The aspects of things that are most important for us are hidden because of their simplicity and familiarity. (One is unable to notice something—because it is always before one’s eyes.) The real foundations of his inquiry do not strike a person at all….And this means: we fail to be struck by what, once seen, is most striking and most powerful. 1
Ludwig Wittgenstein’s words here apply to the man-woman difference: in the reality of marriage in its entirely self-evident and foundational character, as well as in its absolute centrality to human existence. Not long ago, the idea of having to explain them would have seemed absurd to most. 2 This distinction between man and woman, the magnificent reality of romantic and spousal love, the permanent and devoted union of marriage for which this love yearns, and its happy “overflow” into the creation of a family, has so deeply structured our understanding of the world, and the human person, that it would never have occurred to us to think about the “why” behind them.

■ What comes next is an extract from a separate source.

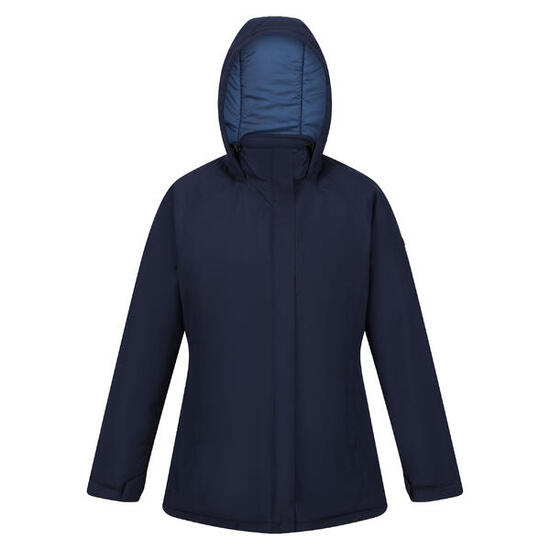 Veste Imperméable SANDA Femme (Bleu Marine)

We Americans face a state of affairs relating to marriage and family that has forced us to “(lose) the innocence of taking man and woman for granted.” 3 We must now attempt to show why the divinely-instituted laws of marriage and family—which, until recently, was taken by all simply as a given—are binding not only for Christians, but hold true for everyone. There is, however, a certain difficulty in the task, since the “invention” of man and woman, and of marriage, are precisely that: an invention proceeding, as it were, from God’s creative imagination. That is, they cannot, in a mathematical sense, be shown to be necessary. A different system would have been possible—as indeed, some created, rational beings have no gender (angels), and do not enter into marriage. But, that God has invented the reality of marriage in no way implies that it is arbitrary or meaningless. On the contrary, there is a deep intelligibility underlying the division of humanity into two genders, and marriage as the unique union possible only between a man and a woman.
Some preliminary reflections on the nature and meaning of gender, generally speaking, are offered here as possible a groundwork for further considerations on the Church’s teaching on marriage as founded on the union of man and woman. For only if we understand the metaphysical constitution of masculinity and femininity, and their centrality to the being of man and woman, will we be able to defend marriage against the current onslaught that would all but destroy it.
The creation of the human person as male and female is the most central feature of the visible world. It is also at the very center of God’s plan for humanity. This plan originates within the being of God himself, and it is where we must begin if we are to discover the meaning of gender.
Gender and Its Primary Significance 4
For all the impressive knowledge of God to which pre-Christian
philosophy attained, God reveals, in the New Testament, what was
completely unimaginable for the Greeks: that God is love. Not only that
God loves, which would have been absurd enough; but that God is love. How can this be? How can a being be love?